NOTE: While I do not tag this blog as having
adult content this particular posts deal with adult themes that are
sexual in nature.
Intimacy was
the last thing I was expecting anxiety to grab onto and pull down its
vicious spiral. I have had anxiety about sex for years, but every since
the great panic attack of 2010, it's only gotten worse...WAY worse. Just
for a little background, my wife and I have been married for 2 years, but
we've been together for 14 years. We stared dating in high school when I was 14
years old and have been inseparable ever since. Thus, my wife is the
only person I have ever been with sexually.
Several years
ago my wife came to me about some concerns she had about our sex life.
Essentially, they were criticisms about the way I do things in bed.
My wife was very kind about this. She wasn't angry, mean, or belittling.

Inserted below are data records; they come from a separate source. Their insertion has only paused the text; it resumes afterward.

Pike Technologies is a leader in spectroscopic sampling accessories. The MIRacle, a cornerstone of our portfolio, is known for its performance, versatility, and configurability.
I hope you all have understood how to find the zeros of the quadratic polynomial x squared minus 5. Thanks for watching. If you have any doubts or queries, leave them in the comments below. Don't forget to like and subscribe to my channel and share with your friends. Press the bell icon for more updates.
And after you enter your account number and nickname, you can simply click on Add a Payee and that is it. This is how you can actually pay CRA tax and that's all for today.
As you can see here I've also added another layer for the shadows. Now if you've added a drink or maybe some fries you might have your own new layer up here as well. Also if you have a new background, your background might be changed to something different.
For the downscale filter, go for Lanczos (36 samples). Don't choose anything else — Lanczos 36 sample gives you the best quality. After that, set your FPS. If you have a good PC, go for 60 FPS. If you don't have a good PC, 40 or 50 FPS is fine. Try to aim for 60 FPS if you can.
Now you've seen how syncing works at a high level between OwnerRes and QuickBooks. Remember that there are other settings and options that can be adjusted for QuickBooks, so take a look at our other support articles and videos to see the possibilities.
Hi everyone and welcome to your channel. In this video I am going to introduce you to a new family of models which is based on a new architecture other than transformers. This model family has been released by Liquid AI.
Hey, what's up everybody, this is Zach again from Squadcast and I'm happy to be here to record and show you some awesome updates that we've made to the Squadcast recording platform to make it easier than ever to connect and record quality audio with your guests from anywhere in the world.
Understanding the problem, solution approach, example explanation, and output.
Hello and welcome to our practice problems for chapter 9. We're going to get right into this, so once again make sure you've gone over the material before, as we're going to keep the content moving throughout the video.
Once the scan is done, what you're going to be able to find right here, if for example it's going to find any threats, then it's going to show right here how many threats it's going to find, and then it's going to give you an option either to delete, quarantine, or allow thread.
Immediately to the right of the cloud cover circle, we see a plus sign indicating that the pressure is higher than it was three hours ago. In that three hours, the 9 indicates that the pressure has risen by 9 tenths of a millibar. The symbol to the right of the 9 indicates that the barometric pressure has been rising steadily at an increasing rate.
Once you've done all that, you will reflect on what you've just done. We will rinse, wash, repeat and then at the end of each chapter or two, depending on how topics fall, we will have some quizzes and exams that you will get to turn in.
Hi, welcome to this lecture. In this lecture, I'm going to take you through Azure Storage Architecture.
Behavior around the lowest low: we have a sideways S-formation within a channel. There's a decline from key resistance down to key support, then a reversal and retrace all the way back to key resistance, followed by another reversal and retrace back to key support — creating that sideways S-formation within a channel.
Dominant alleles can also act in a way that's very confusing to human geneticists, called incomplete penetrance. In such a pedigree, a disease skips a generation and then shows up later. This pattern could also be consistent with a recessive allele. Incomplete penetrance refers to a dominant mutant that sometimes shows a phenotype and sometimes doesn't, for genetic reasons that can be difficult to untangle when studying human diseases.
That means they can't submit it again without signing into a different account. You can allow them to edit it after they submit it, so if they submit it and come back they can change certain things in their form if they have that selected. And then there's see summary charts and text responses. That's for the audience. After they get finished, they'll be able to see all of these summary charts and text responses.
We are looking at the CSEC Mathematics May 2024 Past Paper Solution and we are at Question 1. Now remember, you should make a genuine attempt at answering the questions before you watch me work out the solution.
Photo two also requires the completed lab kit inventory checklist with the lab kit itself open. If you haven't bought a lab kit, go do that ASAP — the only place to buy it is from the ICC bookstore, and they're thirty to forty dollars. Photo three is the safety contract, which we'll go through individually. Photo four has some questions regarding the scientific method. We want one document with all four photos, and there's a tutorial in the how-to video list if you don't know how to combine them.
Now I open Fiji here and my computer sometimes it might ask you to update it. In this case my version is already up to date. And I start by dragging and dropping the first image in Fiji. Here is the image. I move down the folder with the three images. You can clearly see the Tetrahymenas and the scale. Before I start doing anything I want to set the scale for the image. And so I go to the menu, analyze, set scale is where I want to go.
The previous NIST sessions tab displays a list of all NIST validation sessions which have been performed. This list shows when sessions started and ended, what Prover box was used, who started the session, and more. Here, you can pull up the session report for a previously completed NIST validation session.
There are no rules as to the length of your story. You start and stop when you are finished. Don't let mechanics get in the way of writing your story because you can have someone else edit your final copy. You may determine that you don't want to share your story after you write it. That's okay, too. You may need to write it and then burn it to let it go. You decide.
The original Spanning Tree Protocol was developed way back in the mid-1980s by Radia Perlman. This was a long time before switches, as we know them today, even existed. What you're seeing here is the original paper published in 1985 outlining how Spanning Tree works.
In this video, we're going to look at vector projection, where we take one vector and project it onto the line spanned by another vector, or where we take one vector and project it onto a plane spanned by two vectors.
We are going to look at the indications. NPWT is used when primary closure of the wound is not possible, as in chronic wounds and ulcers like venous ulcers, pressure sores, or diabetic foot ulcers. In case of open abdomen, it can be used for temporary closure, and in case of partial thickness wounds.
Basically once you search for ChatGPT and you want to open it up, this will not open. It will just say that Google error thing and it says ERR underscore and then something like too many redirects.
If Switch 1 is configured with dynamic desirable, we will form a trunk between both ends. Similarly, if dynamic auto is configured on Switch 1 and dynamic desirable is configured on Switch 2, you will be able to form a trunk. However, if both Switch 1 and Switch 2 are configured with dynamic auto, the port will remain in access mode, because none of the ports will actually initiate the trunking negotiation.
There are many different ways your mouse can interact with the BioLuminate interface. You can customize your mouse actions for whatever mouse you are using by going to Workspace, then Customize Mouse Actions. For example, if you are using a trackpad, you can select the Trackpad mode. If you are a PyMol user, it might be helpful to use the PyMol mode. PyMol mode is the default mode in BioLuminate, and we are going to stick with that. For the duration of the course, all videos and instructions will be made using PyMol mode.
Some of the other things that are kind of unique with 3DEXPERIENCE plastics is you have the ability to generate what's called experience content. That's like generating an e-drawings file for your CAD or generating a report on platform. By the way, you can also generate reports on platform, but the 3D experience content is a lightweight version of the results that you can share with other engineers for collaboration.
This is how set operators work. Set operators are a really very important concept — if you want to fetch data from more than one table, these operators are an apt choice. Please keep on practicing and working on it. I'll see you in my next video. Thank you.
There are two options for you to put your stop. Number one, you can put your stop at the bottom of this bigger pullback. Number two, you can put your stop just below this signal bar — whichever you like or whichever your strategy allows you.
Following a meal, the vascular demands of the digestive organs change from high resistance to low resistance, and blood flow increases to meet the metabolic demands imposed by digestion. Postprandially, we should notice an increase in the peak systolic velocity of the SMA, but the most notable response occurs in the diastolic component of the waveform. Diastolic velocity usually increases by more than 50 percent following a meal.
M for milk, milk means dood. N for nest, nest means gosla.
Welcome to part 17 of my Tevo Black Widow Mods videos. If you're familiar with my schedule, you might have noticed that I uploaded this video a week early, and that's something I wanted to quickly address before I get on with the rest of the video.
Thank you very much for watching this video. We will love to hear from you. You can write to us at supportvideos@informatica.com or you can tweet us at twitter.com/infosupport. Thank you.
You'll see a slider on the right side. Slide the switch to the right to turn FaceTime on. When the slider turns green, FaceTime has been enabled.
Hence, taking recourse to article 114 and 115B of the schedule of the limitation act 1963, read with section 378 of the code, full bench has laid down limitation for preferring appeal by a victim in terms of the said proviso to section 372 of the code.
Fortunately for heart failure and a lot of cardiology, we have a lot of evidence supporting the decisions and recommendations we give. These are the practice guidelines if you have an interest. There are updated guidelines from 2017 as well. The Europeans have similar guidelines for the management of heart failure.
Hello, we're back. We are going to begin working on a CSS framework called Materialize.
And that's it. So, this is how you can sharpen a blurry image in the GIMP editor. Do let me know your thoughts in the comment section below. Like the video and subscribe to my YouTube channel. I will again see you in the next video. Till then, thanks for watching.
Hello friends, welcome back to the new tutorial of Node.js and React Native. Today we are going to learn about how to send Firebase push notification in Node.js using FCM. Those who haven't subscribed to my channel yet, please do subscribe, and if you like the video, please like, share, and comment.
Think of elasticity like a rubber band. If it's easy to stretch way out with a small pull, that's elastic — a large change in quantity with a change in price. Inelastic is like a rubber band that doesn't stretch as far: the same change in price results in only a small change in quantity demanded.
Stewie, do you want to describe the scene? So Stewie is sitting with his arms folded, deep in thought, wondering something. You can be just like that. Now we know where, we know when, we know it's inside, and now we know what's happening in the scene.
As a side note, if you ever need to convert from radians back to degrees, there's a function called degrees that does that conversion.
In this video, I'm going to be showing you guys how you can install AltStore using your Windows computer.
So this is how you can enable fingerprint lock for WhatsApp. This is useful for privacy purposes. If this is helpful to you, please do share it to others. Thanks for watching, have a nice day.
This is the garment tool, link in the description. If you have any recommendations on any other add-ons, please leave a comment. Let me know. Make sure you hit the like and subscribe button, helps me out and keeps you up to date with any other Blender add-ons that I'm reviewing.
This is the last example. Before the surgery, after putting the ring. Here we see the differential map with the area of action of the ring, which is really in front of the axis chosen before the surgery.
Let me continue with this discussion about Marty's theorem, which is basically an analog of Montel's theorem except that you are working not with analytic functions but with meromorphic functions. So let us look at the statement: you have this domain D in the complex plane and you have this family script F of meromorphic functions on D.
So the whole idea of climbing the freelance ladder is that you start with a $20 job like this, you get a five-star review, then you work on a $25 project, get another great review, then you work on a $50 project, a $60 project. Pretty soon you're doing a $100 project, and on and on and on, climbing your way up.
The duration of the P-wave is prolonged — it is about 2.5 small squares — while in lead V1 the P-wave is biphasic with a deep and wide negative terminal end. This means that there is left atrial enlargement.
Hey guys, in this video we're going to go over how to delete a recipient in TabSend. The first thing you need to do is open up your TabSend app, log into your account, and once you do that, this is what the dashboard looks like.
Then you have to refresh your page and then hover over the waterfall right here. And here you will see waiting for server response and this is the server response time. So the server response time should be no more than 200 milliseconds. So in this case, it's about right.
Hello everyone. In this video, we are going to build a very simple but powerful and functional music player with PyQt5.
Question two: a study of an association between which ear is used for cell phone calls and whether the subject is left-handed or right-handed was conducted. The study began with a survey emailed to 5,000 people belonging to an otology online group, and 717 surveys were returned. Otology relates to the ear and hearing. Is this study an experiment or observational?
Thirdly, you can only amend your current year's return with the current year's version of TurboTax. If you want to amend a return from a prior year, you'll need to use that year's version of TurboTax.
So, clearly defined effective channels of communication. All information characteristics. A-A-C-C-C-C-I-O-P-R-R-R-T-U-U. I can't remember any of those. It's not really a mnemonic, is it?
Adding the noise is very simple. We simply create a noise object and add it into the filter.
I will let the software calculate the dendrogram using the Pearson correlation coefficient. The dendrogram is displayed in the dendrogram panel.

She put it in a manner that should have been considered
constructive criticism. I say, "should" because that's
not the way I took it. Once of my biggest problems, especially in
this regard is taking something someone said turning into the
biggest catastrophe that has ever occurred on the face of
this Earth. So I took what she said and turned into the most negative
thoughts I could conjure such as: "She doesn't find
me attractive", "She hates having sex with me", "I
disappoint my wife", "I suck at sex", "I'll never be good
at sex" and the list goes on and on. I have these thoughts and they
never escape form my brain. So when my wife wants to be intimate all the
aforementioned thoughts rush into my head. It's not easy trying to make
love to your wife when all your thinking about is how much you suck at it. This
has been the pattern for years, and I just can't seem to shake it.
Then the
biggest embarrassment comes along when I can't get it up. Suddenly,
sex becomes the most frustrating activity. I am
frustrated because I think I suck at sex and I am frustrated because
I am 28 years old and can't get it up. What happens next is my wife doesn’t
think I am attracted to her and the moment is ruined. The worst part about this
is it's a vicious cycle. I am negative about sex, so then we have crappy sex,
which in turn proves my negative thoughts, and the cycle continues. When this
first started and she would ask me "what's wrong" I would shut down
and I can't even remember what excuses I would make. I do remember causing a
fight one time by blaming her. I am always looking for someone beside
myself to blame. I told her it's because she criticized me.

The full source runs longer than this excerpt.